This is found at line 308.  I have tried commenting this out but it doesn't make a difference.

Mark Russell

----------

## MRussell

while I hate to do this...

*bump*

Still looking for a solution that doesn't involve downgrading the kernel (mostly cause I like the new kernel and how it make KDE feel  :Wink: 

MAR

----------

## jana

My guess is that it's not a kernel problem, it's a problem with your acpi scripts.  (If you've got a fully populated /proc/acpi directory, then your kernel is doing what it should!)  

What do you have in /etc/acpi?  Keep in mind that if you borrow a script from someone else you'll almost certainly have to tailor it to your particular /proc/acpi directory tree.

I had the same problem the first time I tried to blindly run the (fantastic) scripts in this forum.  I had to customize the directories (including the ones that are in bash syntax).  Here's an important one:  make sure that the shell files are chmoded to be executable.  Similarly, make sure that any files referenced by files in the events dir actually exist!

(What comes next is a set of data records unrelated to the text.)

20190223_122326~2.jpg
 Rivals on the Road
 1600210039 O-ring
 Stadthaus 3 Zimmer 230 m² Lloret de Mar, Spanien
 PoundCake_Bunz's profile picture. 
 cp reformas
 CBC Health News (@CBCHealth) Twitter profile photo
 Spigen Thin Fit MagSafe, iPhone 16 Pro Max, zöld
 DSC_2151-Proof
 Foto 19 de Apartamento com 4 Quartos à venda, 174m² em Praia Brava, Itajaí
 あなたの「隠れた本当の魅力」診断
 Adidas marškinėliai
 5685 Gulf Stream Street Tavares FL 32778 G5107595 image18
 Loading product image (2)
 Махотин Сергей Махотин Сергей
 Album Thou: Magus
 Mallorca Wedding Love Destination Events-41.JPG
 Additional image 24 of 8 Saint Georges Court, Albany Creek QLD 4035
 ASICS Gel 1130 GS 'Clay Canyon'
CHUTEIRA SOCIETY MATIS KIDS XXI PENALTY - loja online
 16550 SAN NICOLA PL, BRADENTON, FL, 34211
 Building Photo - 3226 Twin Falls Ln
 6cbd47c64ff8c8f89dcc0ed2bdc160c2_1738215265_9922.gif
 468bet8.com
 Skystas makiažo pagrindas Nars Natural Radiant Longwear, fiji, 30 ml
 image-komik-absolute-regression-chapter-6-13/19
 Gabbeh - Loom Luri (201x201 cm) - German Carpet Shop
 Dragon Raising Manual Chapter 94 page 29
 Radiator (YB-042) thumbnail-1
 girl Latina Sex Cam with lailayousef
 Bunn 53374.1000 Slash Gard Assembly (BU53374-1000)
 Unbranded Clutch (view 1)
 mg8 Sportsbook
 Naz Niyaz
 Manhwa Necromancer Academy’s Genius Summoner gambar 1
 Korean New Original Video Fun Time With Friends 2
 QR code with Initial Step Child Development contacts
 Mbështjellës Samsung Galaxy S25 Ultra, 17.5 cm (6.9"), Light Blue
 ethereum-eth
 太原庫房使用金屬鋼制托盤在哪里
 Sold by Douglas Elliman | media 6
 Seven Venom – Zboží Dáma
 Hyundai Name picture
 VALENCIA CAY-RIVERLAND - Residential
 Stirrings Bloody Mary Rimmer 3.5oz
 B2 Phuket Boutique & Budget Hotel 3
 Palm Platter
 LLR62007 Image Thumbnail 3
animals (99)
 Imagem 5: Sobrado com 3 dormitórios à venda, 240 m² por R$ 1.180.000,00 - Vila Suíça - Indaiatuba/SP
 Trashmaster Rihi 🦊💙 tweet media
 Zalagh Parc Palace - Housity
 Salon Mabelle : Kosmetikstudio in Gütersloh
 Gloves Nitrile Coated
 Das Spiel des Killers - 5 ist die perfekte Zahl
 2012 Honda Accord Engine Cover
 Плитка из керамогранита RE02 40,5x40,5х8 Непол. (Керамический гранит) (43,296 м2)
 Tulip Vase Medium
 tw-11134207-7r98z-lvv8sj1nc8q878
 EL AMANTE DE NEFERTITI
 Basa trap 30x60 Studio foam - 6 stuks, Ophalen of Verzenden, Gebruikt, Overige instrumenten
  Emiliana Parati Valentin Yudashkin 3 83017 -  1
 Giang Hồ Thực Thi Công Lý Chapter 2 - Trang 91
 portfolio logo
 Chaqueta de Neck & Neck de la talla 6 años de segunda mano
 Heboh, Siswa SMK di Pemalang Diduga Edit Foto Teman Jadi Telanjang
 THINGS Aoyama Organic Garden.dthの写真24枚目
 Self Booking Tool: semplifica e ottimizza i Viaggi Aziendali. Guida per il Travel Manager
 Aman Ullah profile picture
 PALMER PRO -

What do your logs look like?

tail /var/log/acpid

tail /var/log/everything/current

 - j

----------

## MRussell

I'm currently using the script that comes with acpid which doesn't really do anything.  The log shows

[Fri Jan  9 20:53:17 2004] received event "battery BAT1 00000080 00000001"

[Fri Jan  9 20:53:17 2004] executing action "/etc/acpi/default.sh battery BAT1 0

0000080 00000001"

[Fri Jan  9 20:53:17 2004] BEGIN HANDLER MESSAGES

[Fri Jan  9 20:53:17 2004] END HANDLER MESSAGES

[Fri Jan  9 20:53:17 2004] action exited with status 0

[Fri Jan  9 20:53:17 2004] completed event "battery BAT1 00000080 00000001"

This set of messages shows up every 20-30 seconds.  So I don't think its the scripts causing the problem.  It looks more like something with the ACPI configuration (ie dsdt)

MAR

----------